About this exercise: Write every line below out again, exactly as given, but leave out the pictures.

Data segment:
____

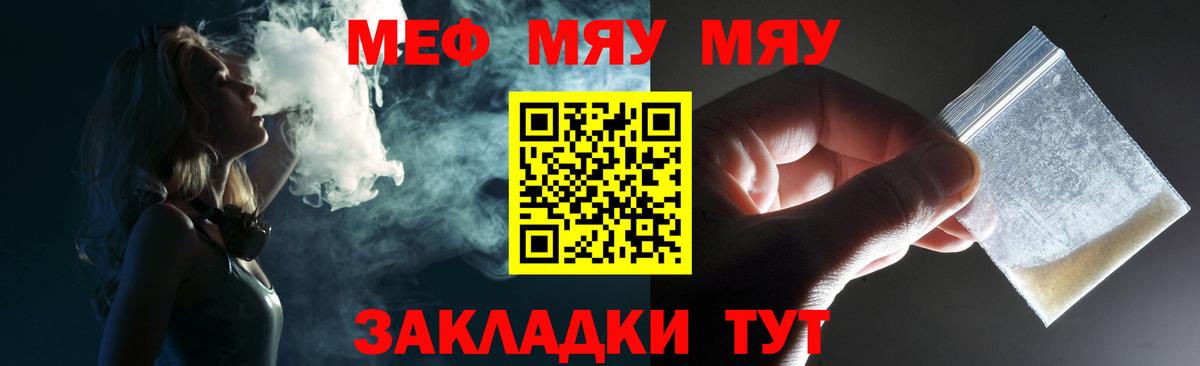 МЕФ  Мефедрон мяу мяу  Вход с VPN  Котельники 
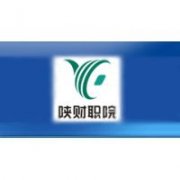 陕西财经职业技术学院毕业证2000年(原版样本)绝对好用fe0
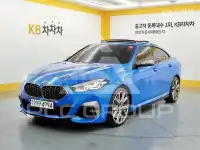 2021 BMW 218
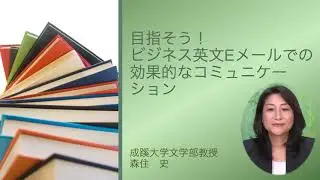 【通信講座】＜全編＞目指そう！ビジネス英文Eメールでの効果的なコミュニケーション - 著者からのメッセージ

____

Final answer:
 МЕФ  Мефедрон мяу мяу  Вход с VPN  Котельники 
 陕西财经职业技术学院毕业证2000年(原版样本)绝对好用fe0
 2021 BMW 218
 【通信講座】＜全編＞目指そう！ビジネス英文Eメールでの効果的なコミュニケーション - 著者からのメッセージ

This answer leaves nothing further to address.